Si les toxicomanes ont disparu des Jardins d’Eole, ils sont encore bien présents dans le quartier. Le soir venu, et malgré une présence policière hors-norme depuis vendredi, ils sont plusieurs dizaines à avoir déjà repris leurs habitudes aux abords de la place Stalingrad. « On sent un changement parce qu’il y en a quand même moins qu’avant mais ils restent présents dans le quartier, confie Amandine en poussant la trottinette de son fils sur le quai de Flandres. Regardez par vous même… » Et de désigner cet homme allongé sur le bord du quai, à deux pas du cinéma, ou ce groupe de cinq toxicomanes qui fument autour d’un banc. Elle, ne rêve que d’une chose, déménager, après avoir été agressée à plusieurs reprises, tant verbalement que physiquement. « Mais l’agent immobilier nous dit que notre appartement a perdu beaucoup de valeur à cause de la situation et je ne vois pas trop comment ça peut s’améliorer. »

Les salles de shoot suscitent l’inquiétude des riverains

Arlette aussi peine à voir « le bout du tunnel ». Voilà près de quarante ans qu’elle vit dans le quartier et des évacuations, elle a vu d’autres. Si bien qu’elle en est persuadée, « ce problème disparaîtra bien après » elle. Cette fois, pourtant, la situation est différente : après un bras de fer avec la mairie de Paris tout l’été, le gouvernement a donné son accord à la mi-septembre pour la création de lieux d’accueil. L’installation des « crackers » porte de la Villette n’est que temporaire, jusqu’à l’ouverture de ces lieux. « C’est une grande avancée dans le débat, à condition que cela soit suivi de faits », estime Marie Jauffret-Roustide, qui plaide depuis plusieurs années pour une approche pluridisciplinaire de la prise en charge du crack. « Lorsque les usagers ne consomment pas dans la rue, ils ont tendance à mieux réguler leur consommation. Ces salles sont donc dans l’intérêt des usagers et des riverains. »

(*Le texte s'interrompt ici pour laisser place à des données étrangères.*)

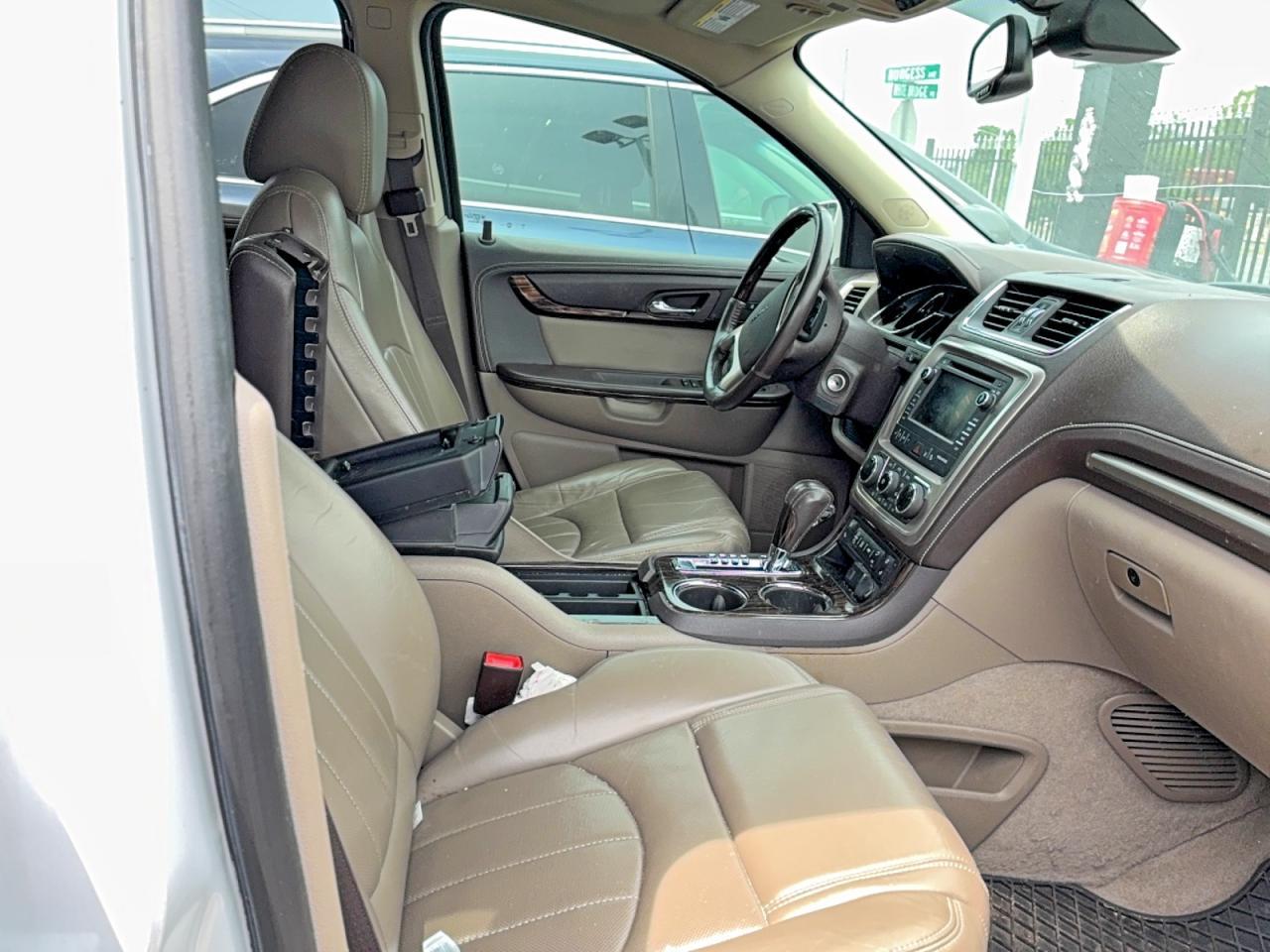2016 GMC Acadia Denali - Image 5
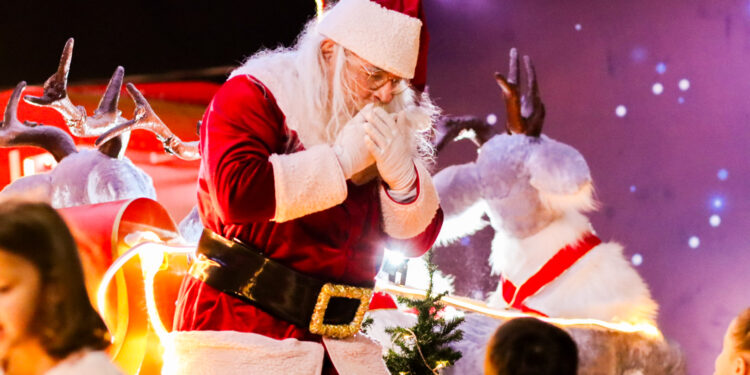 Caravana de Natal da Coca-Cola abre as comemorações dos 15 anos do Shopping da Ilha no dia 3 de novembro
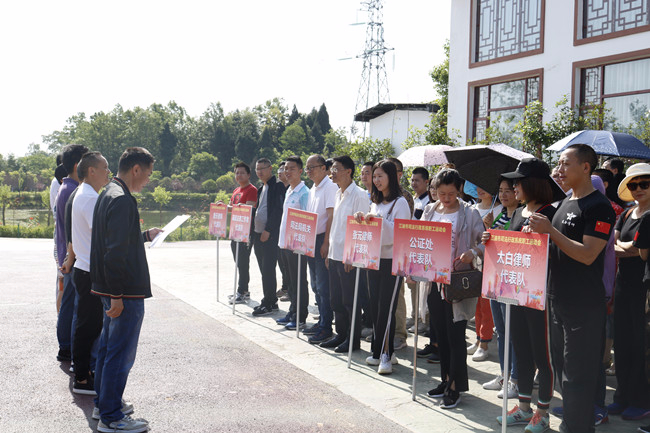 汗水与激情齐飞，荣誉与欢乐同在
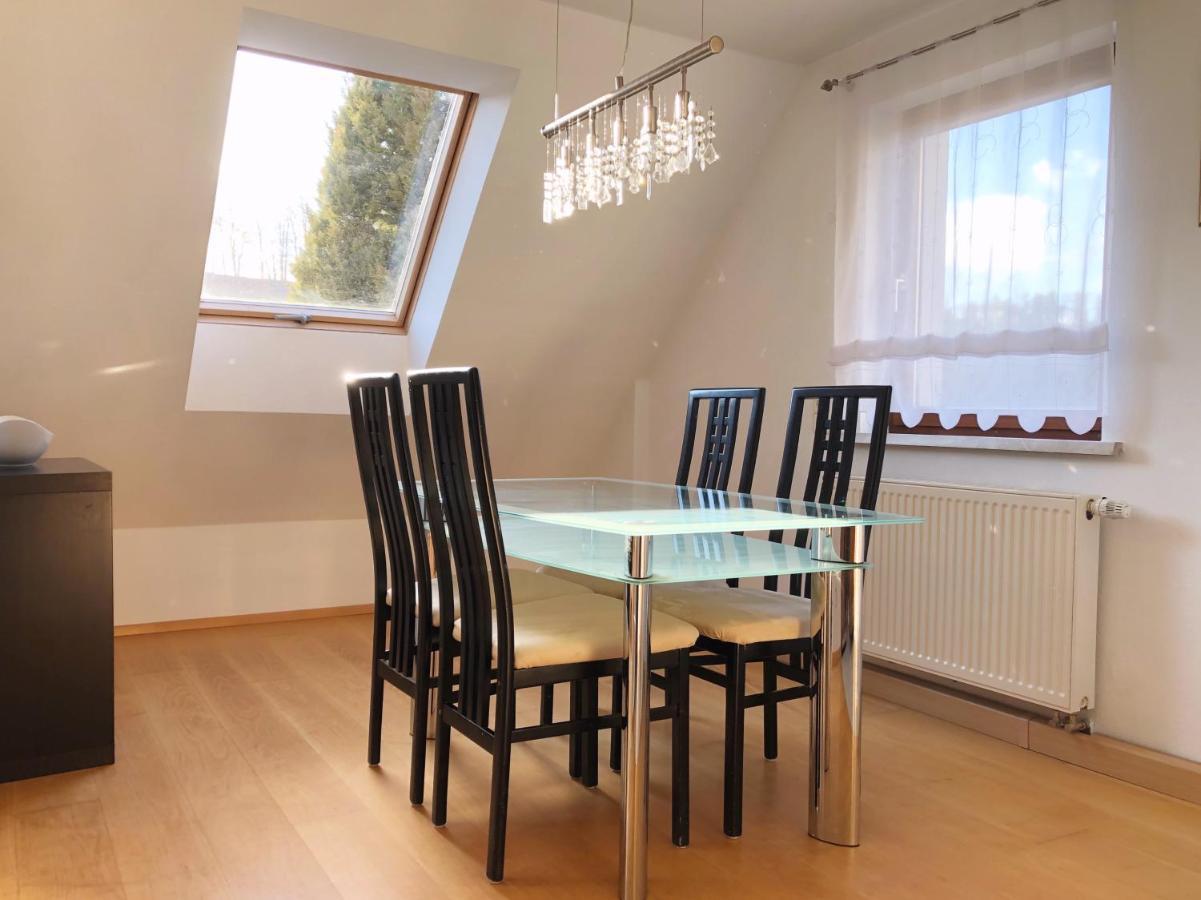 Grosse Wohnung Mit 2 Schlafzimmern Altensteig Buitenkant foto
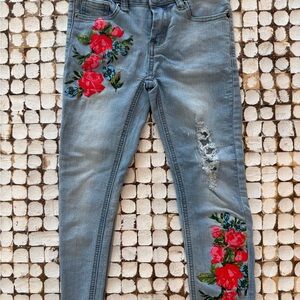 Betsey Johnson Kids size 7 floral jeans
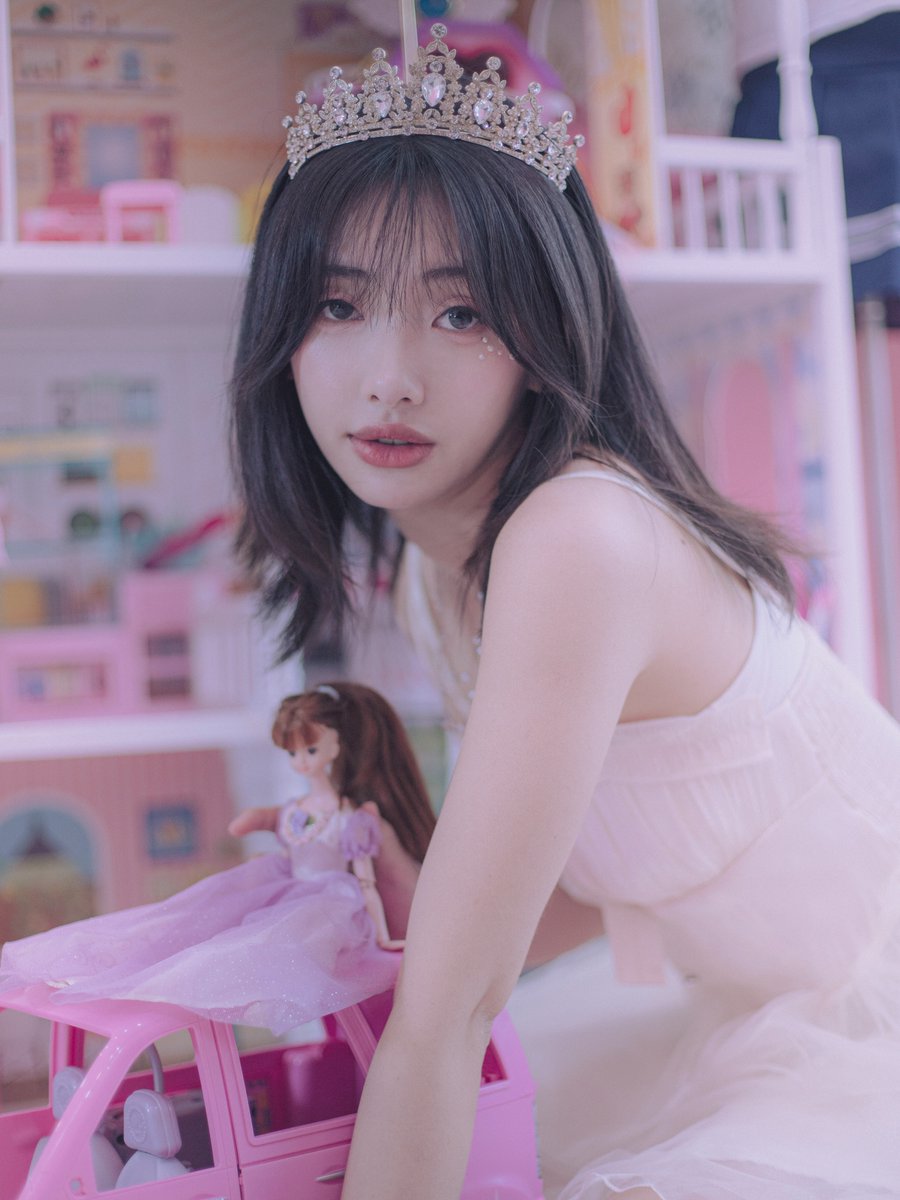 RonnaOrtman's tweet photo. Strawberry
Crowned in pink
With @j__euna. https://t.co/Pb4Tc94Dej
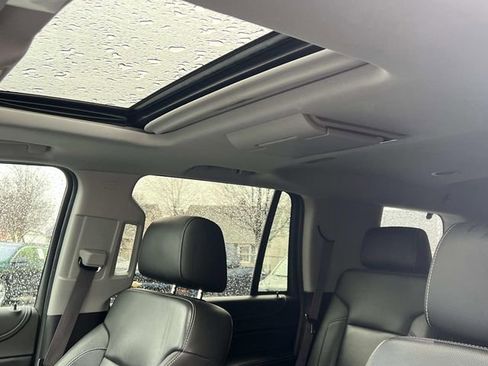 Used 2016 GMC Yukon SLT w/ Open Road Package image 22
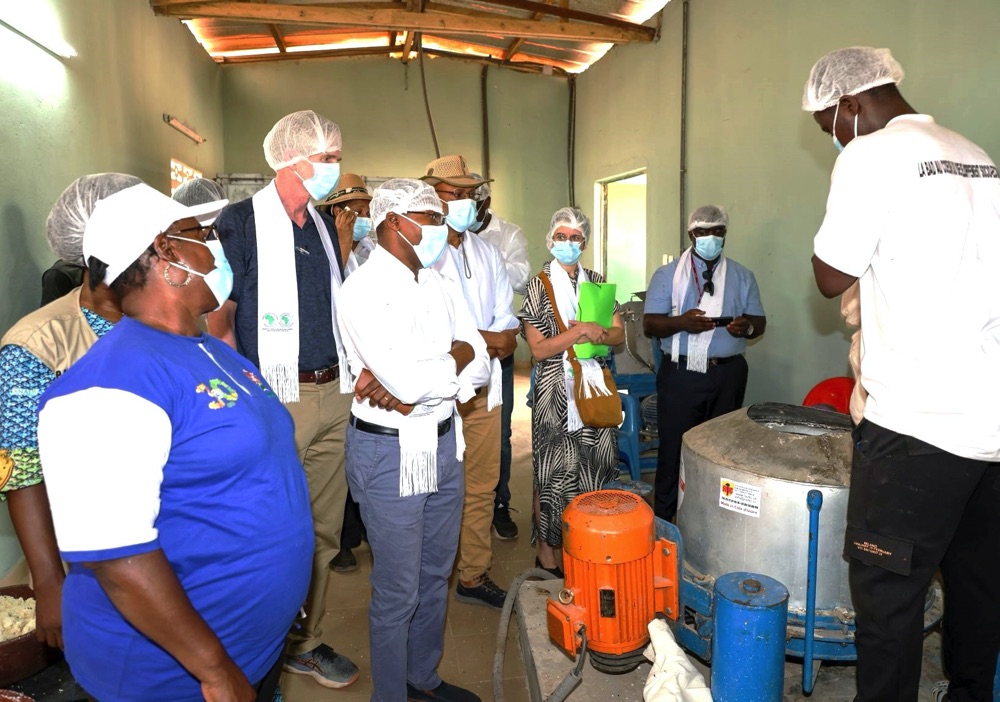 Unité semi-industrielle de transformation de manioc de N'douci : la BAD salue un instrument de promotion et d'inclusion sociale de la femme
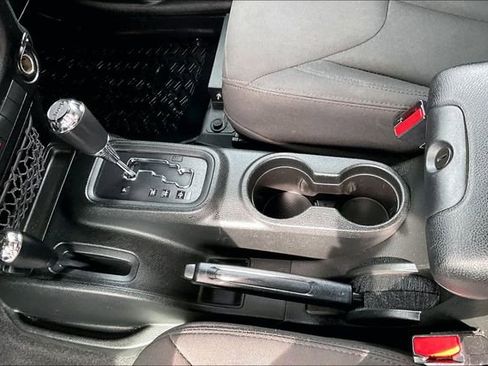 Used 2017 Jeep Wrangler Unlimited Sport w/ Quick Order Package 24S AWD/4WD image 18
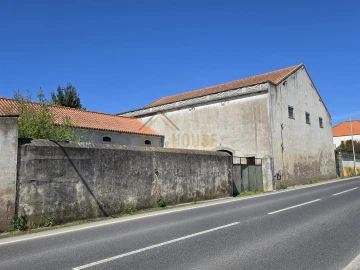 Moradia T0 para Venda em Miragaia e Marteleira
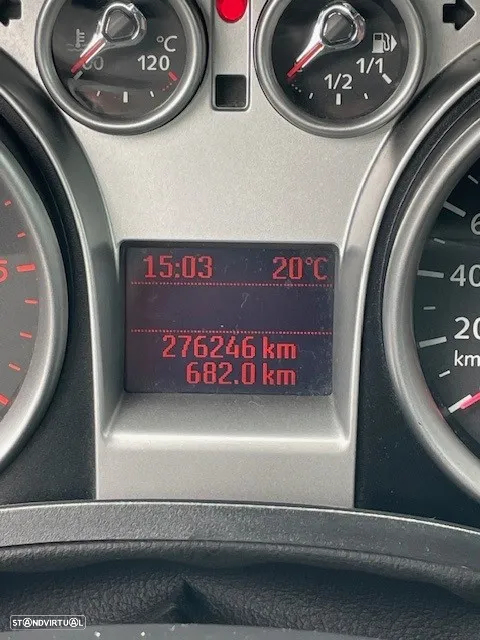 Ford Focus SW 1.6 TDCi Ambiente - 8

Un point de vue loin de faire l’unanimité dans le quartier. Sur les quatre lieux proposés par la mairie de Paris, l’un d’eux, dans le 20e arrondissement a déjà été abandonné, jugé inadapté. Et les autres suscitent une vive contestation. « Pourquoi on a ce problème et pas le parc Monceau ? On nous dit qu’il faut mettre des salles de shoot à côté des consommateurs, mais on est capable de les envoyer à plusieurs kilomètres quand ça arrange les autorités », peste Saïd, la trentaine. Comme lui, rares sont les personnes interrogées cet après-midi à se dire favorable à l’accueil d’une telle salle. Une manifestation est même prévue dans le quartier samedi pour dénoncer la création de ce type de lieux. La solution temporaire pourrait donc encore s’éterniser.